[Dataset entries]
==*==

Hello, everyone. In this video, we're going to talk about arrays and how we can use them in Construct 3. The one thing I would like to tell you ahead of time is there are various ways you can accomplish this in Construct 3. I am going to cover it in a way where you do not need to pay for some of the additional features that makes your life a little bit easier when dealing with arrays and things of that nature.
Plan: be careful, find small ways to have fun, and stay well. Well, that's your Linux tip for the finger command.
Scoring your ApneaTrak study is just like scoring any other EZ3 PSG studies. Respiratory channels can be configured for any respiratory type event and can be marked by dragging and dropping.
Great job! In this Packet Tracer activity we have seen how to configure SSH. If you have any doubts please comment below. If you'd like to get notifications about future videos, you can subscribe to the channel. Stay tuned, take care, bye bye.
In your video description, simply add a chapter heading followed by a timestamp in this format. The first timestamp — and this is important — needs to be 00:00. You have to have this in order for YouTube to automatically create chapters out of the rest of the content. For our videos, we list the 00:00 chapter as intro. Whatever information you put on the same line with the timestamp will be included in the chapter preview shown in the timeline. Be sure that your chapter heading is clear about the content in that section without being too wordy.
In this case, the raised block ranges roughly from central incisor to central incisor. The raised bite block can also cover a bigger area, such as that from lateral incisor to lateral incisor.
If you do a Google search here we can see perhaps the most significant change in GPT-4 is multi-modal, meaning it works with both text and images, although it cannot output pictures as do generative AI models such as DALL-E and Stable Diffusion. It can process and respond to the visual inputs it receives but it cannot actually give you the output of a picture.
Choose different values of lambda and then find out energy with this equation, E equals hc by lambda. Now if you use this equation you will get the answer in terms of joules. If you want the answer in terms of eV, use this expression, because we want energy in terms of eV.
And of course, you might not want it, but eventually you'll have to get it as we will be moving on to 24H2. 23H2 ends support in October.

==*==

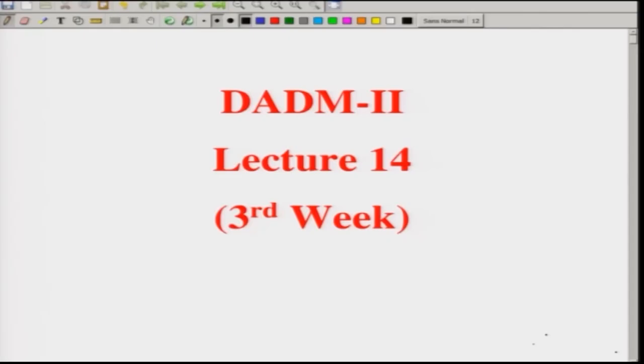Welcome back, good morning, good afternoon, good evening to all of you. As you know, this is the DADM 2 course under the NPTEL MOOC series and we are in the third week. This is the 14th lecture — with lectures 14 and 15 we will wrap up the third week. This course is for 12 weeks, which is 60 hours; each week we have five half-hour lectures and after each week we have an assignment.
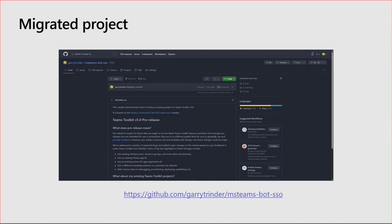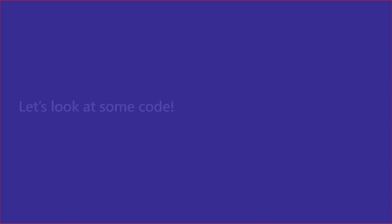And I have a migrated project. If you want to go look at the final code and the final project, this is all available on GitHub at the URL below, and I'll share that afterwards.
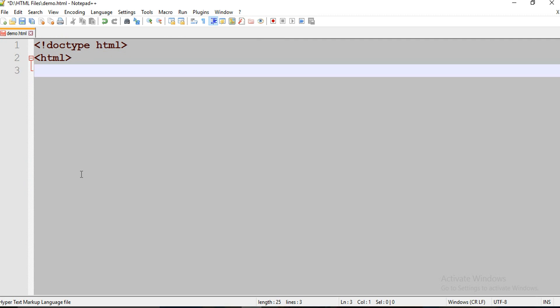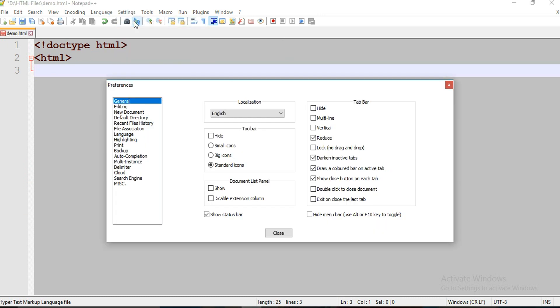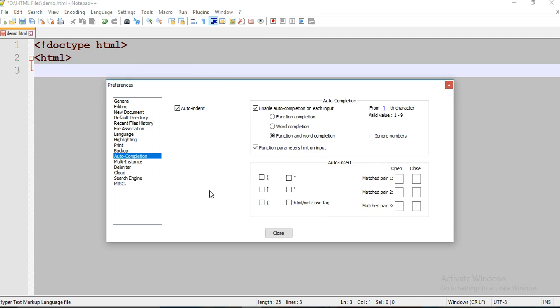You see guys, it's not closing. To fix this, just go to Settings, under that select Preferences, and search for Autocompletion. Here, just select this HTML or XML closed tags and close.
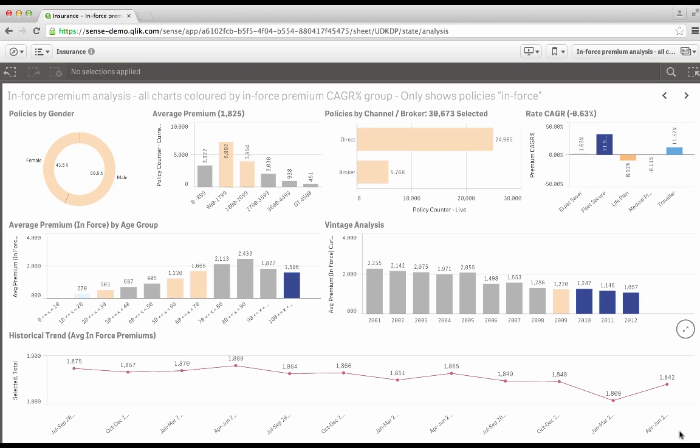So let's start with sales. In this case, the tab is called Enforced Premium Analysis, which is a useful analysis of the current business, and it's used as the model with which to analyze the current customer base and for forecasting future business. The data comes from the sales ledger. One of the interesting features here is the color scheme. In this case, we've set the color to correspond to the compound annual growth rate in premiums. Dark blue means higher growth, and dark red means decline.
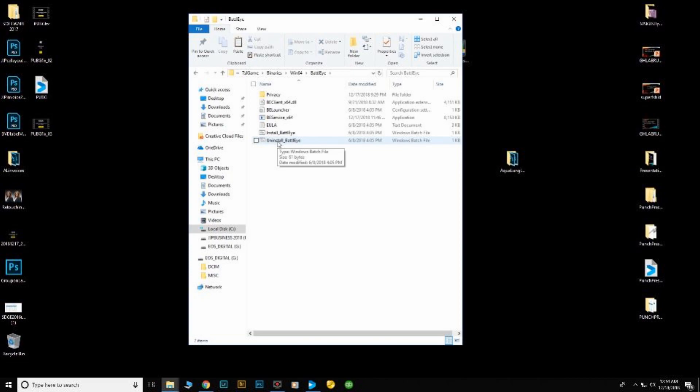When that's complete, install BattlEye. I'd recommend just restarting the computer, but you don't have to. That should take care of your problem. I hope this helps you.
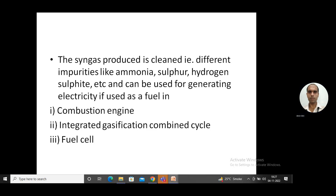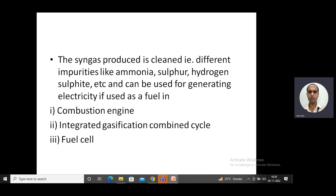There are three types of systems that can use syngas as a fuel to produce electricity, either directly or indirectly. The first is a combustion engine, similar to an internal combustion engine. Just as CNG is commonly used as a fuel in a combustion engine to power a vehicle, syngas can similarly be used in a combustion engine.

==*==

Task objective
Output exactly the lines above, from the line with "Welcome back, good" to the line with "And I have a", both included; skip the pictures.

Exercise solution
Welcome back, good morning, good afternoon, good evening to all of you. As you know, this is the DADM 2 course under the NPTEL MOOC series and we are in the third week. This is the 14th lecture — with lectures 14 and 15 we will wrap up the third week. This course is for 12 weeks, which is 60 hours; each week we have five half-hour lectures and after each week we have an assignment.
And I have a migrated project. If you want to go look at the final code and the final project, this is all available on GitHub at the URL below, and I'll share that afterwards.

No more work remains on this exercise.